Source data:
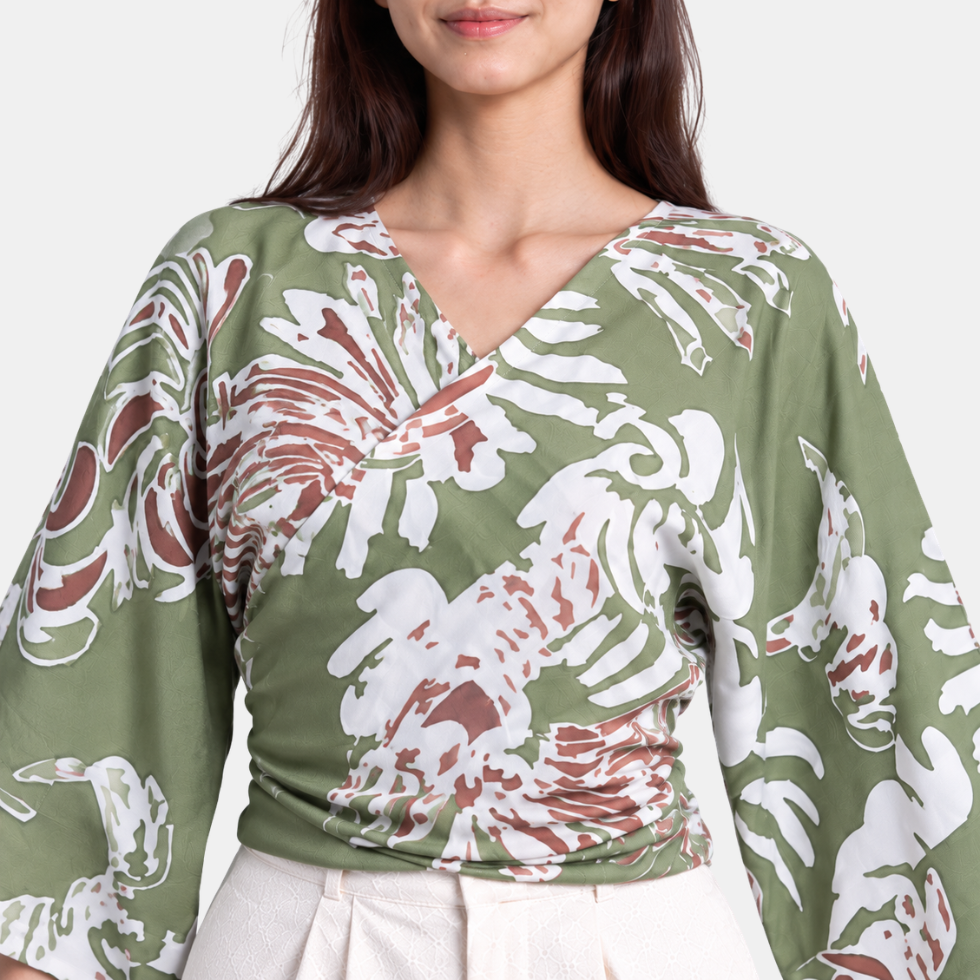 Close up of tie front kimono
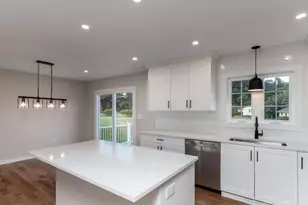 8 Anna Dr, Wallingford, CT 06492 - Photo 8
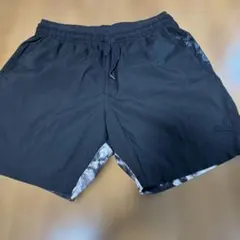 ブラックハーフパンツ タイダイ柄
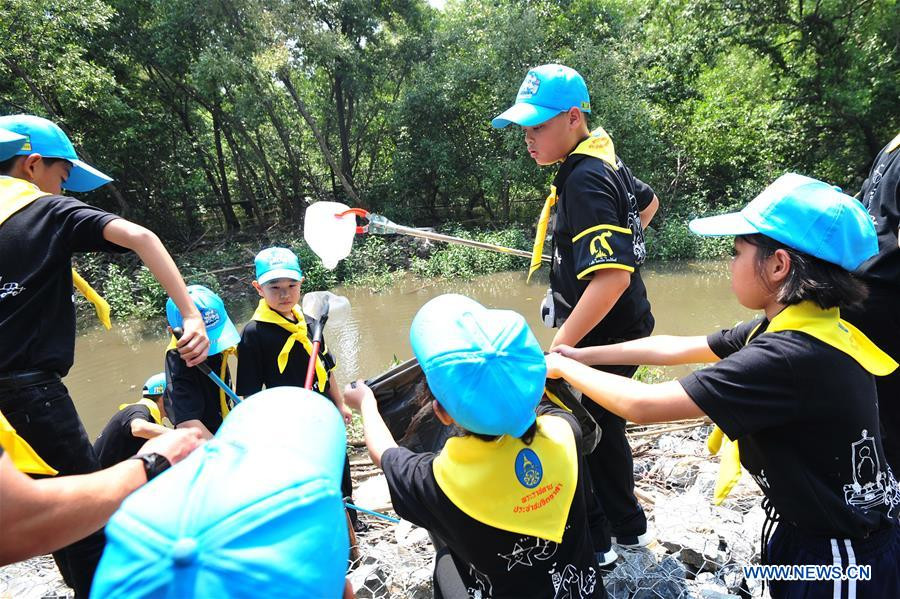 Hoàng tử Thái Lan thu dọn rác thải nhựa trong hoạt động tình nguyện bảo vệ môi trường ở tỉnh Samut Prakan ngày 29/10/2017. Ảnh: THX.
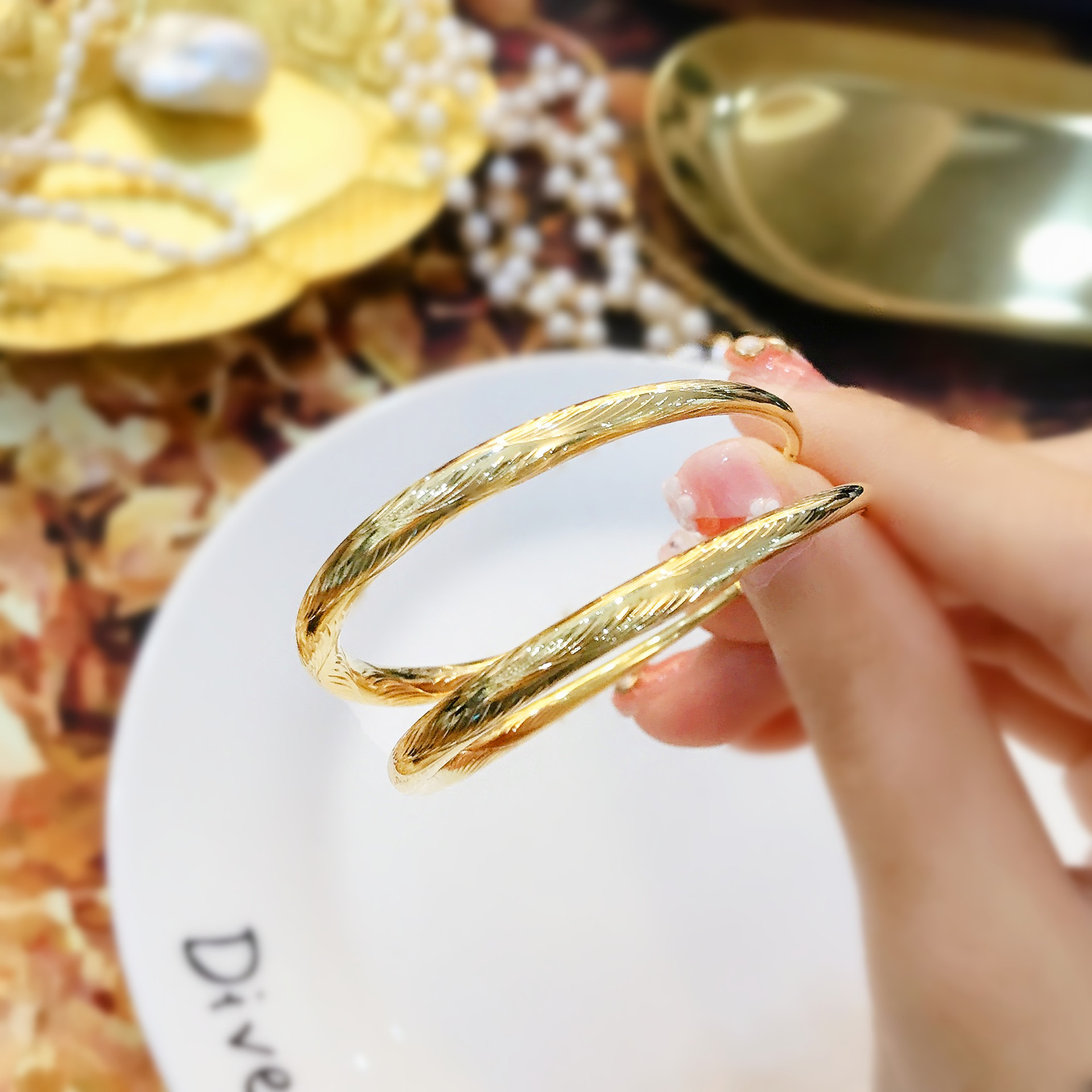 new retro carved large circle copper 18k gold-plated earrings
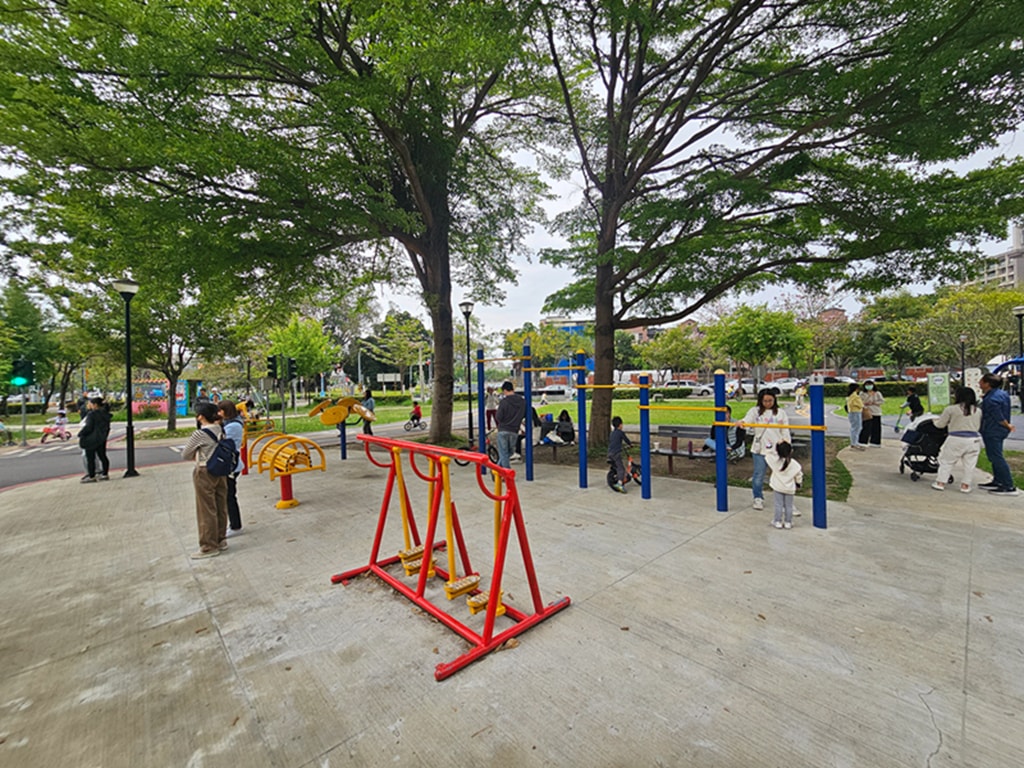 【台中特色公園】交通主題遊戲場 🚦~東區泉源兒童交通公園｜🚲 迷你道路系統｜大型車視野死角體驗區｜旋轉飛椅｜臺中美樂地
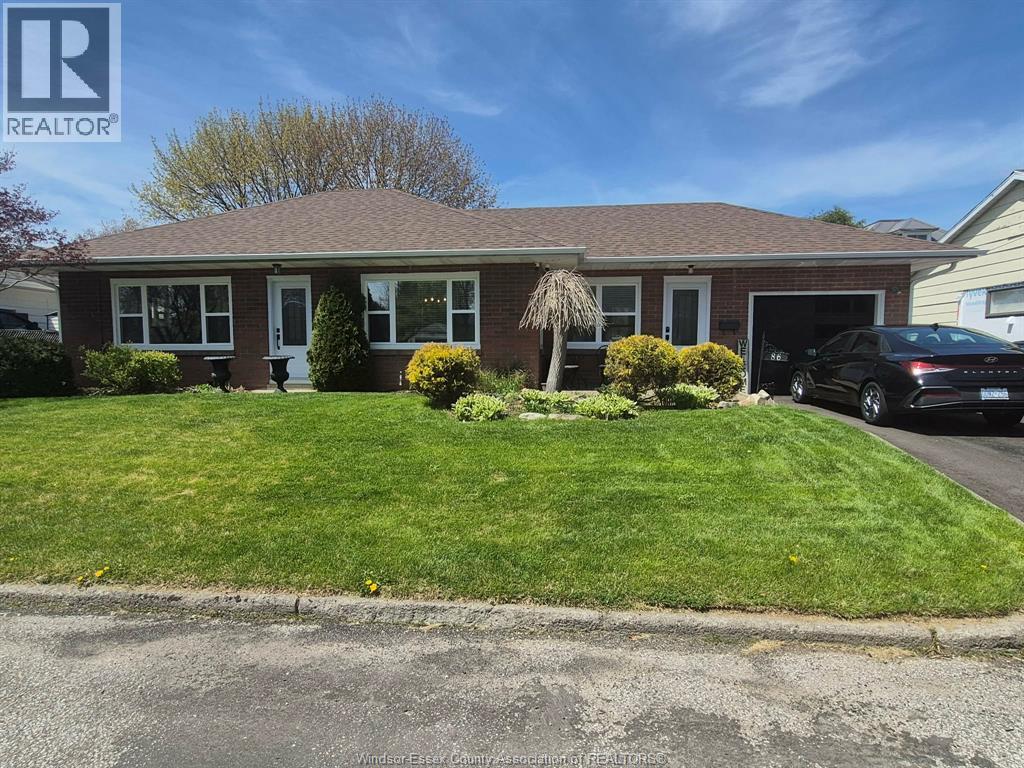 86 MARY STREET, Thamesville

:: Exercise ::
Print all the entries exactly as they appear, without the pictures.

:: Worked solution ::
 Close up of tie front kimono
 8 Anna Dr, Wallingford, CT 06492 - Photo 8
 ブラックハーフパンツ タイダイ柄
 Hoàng tử Thái Lan thu dọn rác thải nhựa trong hoạt động tình nguyện bảo vệ môi trường ở tỉnh Samut Prakan ngày 29/10/2017. Ảnh: THX.
 new retro carved large circle copper 18k gold-plated earrings
 【台中特色公園】交通主題遊戲場 🚦~東區泉源兒童交通公園｜🚲 迷你道路系統｜大型車視野死角體驗區｜旋轉飛椅｜臺中美樂地
 86 MARY STREET, Thamesville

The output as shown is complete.